# ACTIVITY
Below, locate the line that contains "第66话 误伤 第79页". Repeat exactly from that line to the line that contains "エースグローブ（小野商事） 作業用革手袋 「カワテ内綿", inclusive, leaving out the pictures.

# MATERIAL FOR THE TASK

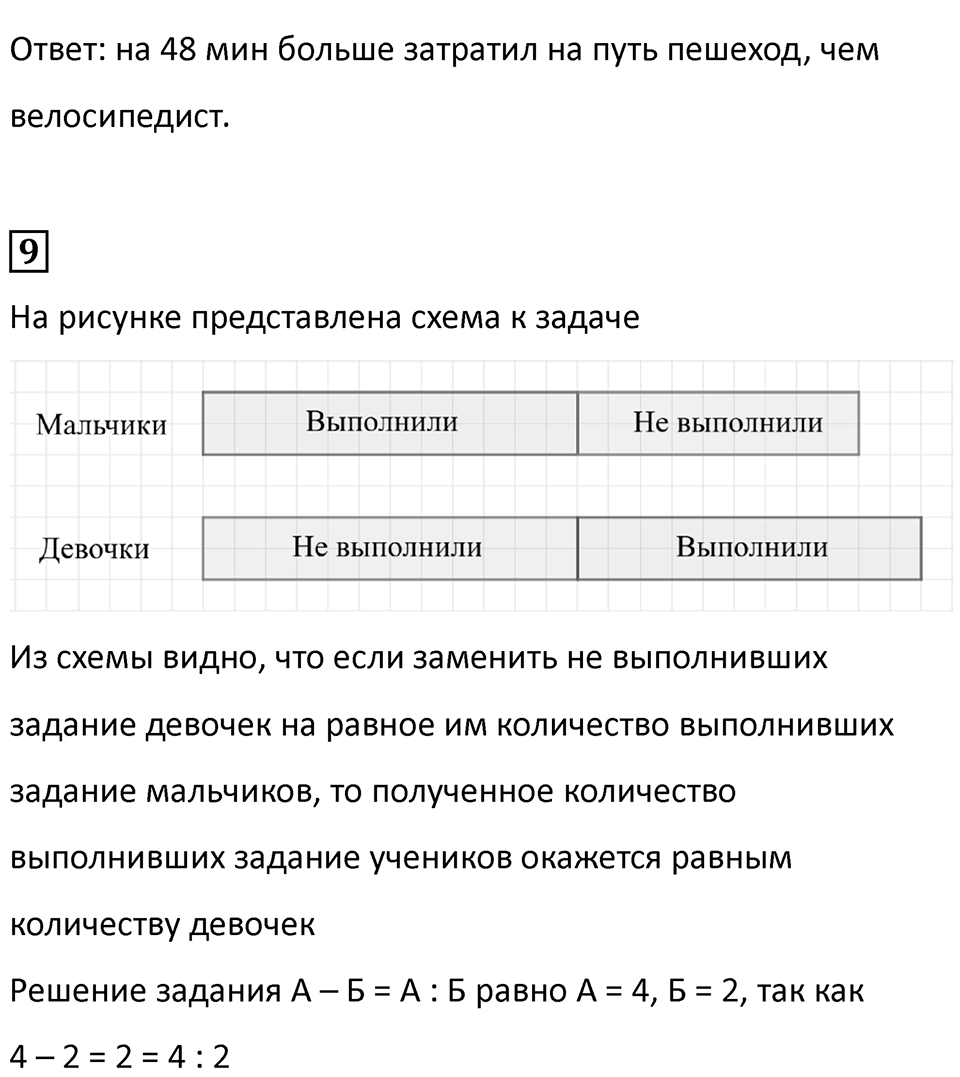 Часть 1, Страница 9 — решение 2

---

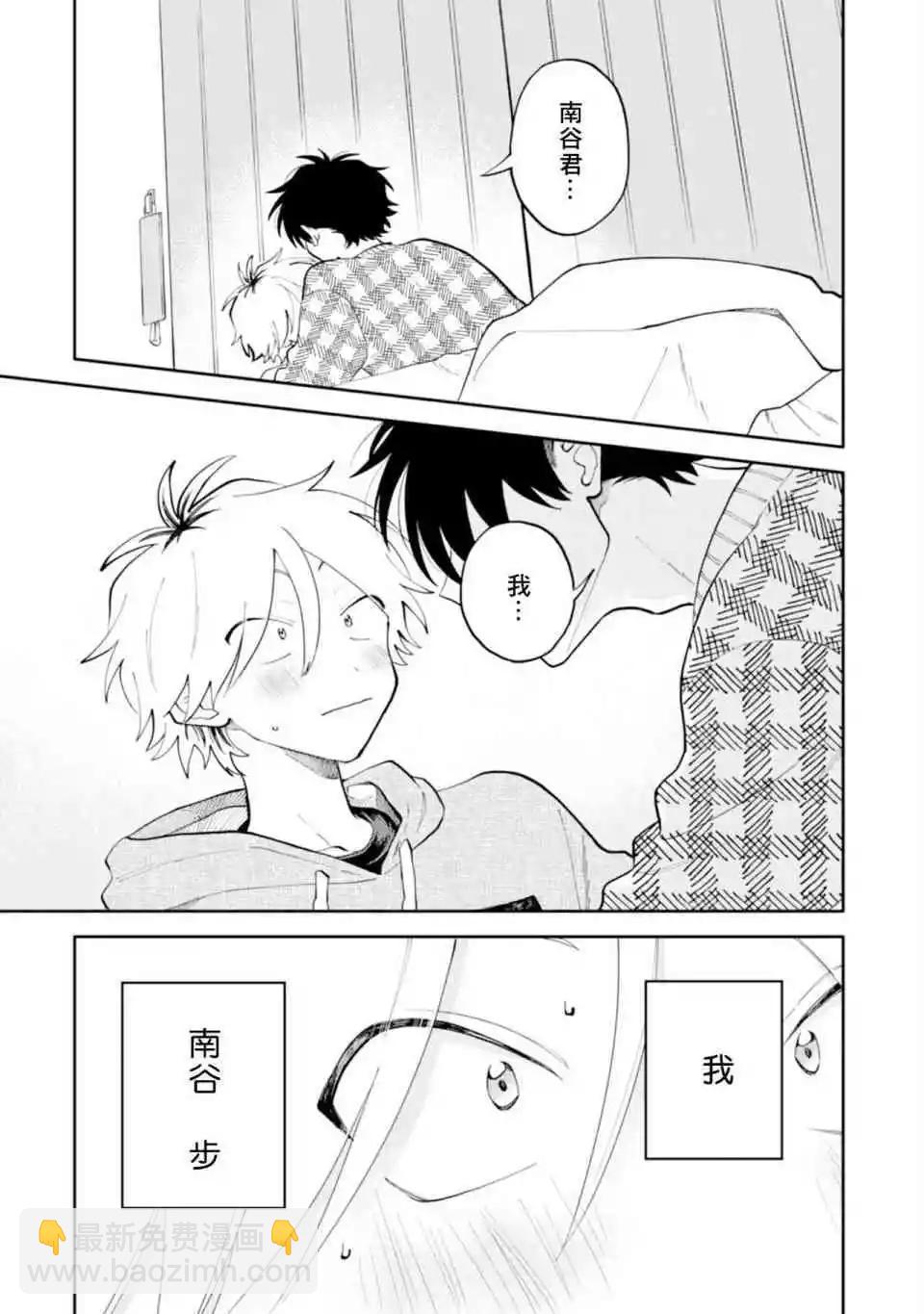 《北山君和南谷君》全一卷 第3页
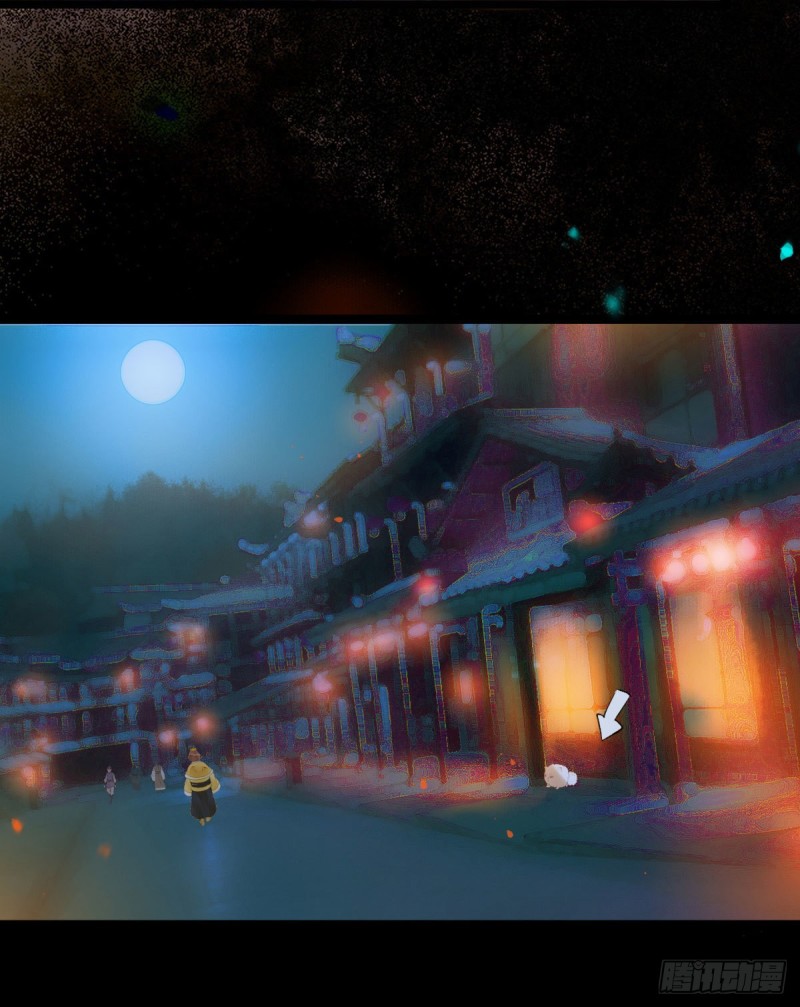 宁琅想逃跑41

==

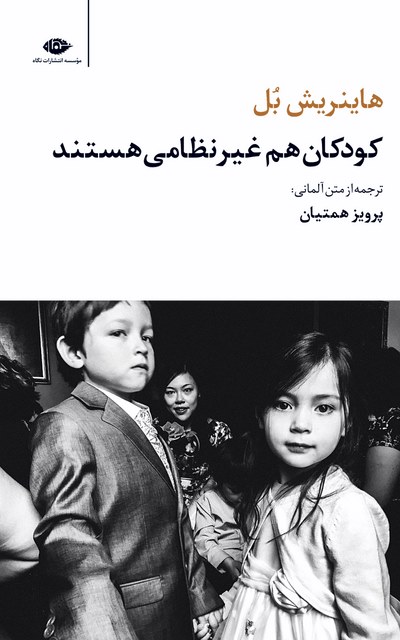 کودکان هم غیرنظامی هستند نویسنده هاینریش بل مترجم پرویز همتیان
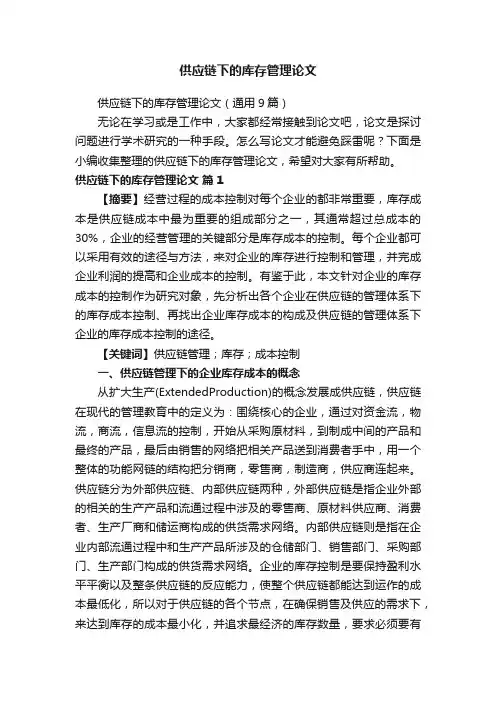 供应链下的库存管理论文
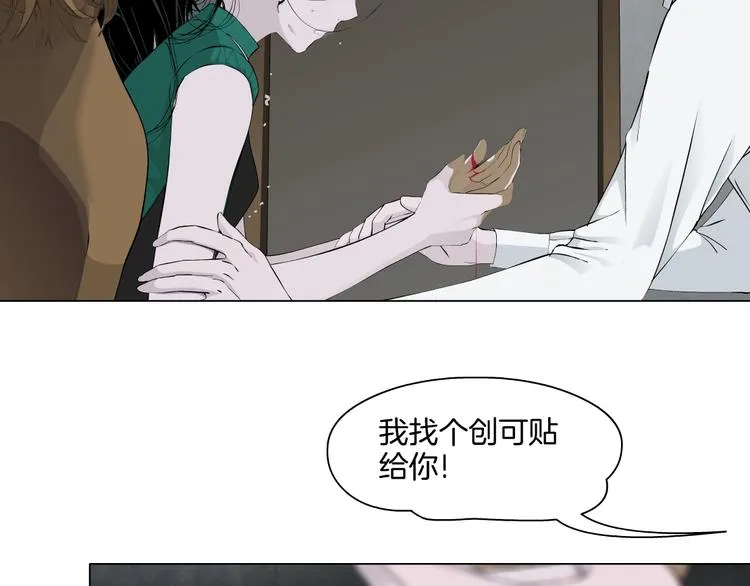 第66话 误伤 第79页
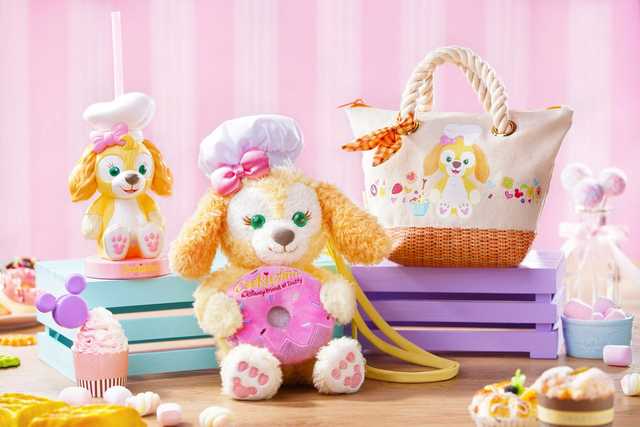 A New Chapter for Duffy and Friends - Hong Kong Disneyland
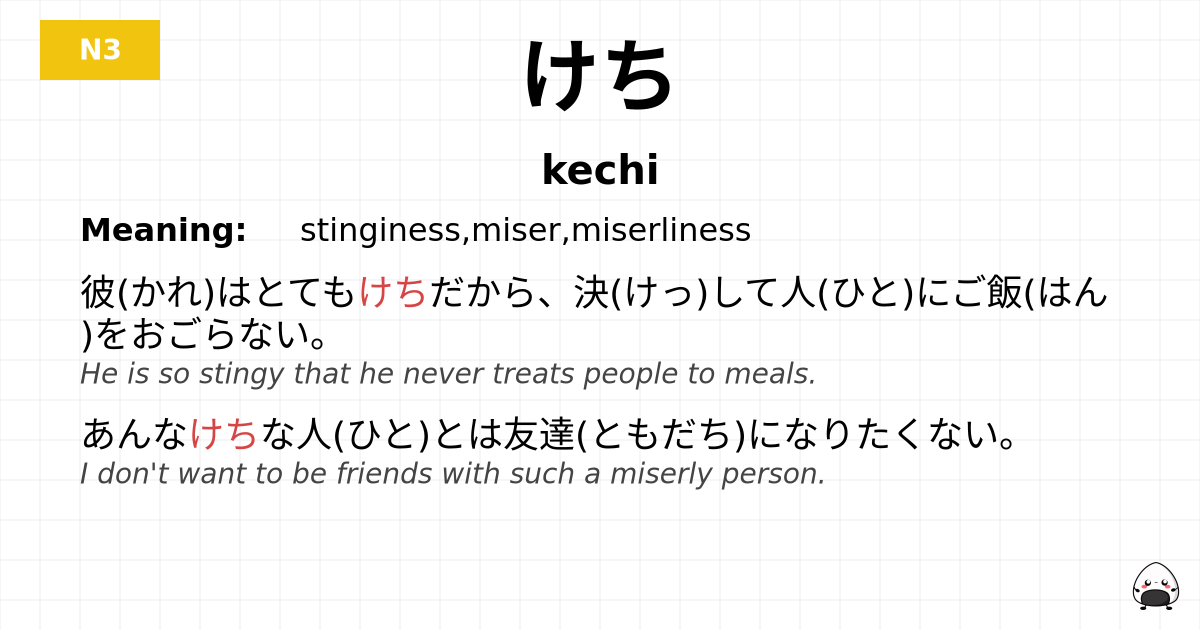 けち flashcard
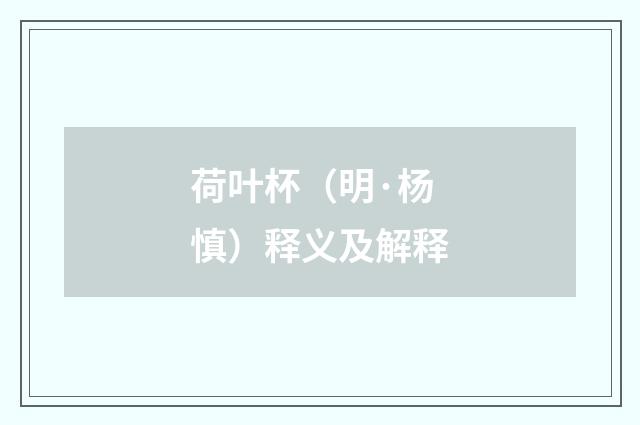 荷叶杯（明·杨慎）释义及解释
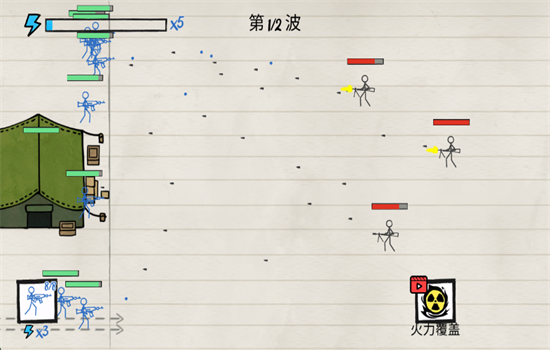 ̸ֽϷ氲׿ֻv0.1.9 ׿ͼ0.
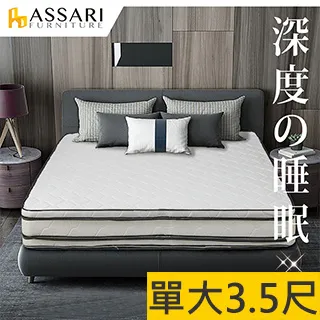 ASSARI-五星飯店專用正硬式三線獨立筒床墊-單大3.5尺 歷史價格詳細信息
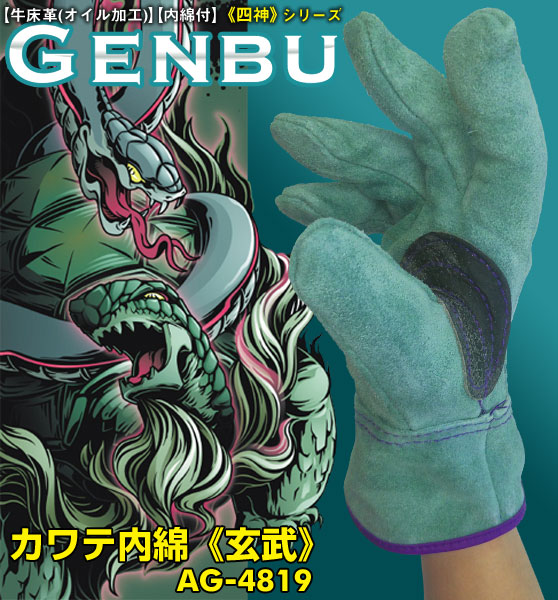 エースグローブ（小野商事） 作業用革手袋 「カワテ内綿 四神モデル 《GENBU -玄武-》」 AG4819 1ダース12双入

# SOLUTION FOR THIS PROBLEM
 第66话 误伤 第79页
 A New Chapter for Duffy and Friends - Hong Kong Disneyland
 けち flashcard
 荷叶杯（明·杨慎）释义及解释
 ̸ֽϷ氲׿ֻv0.1.9 ׿ͼ0.
 ASSARI-五星飯店專用正硬式三線獨立筒床墊-單大3.5尺 歷史價格詳細信息
 エースグローブ（小野商事） 作業用革手袋 「カワテ内綿 四神モデル 《GENBU -玄武-》」 AG4819 1ダース12双入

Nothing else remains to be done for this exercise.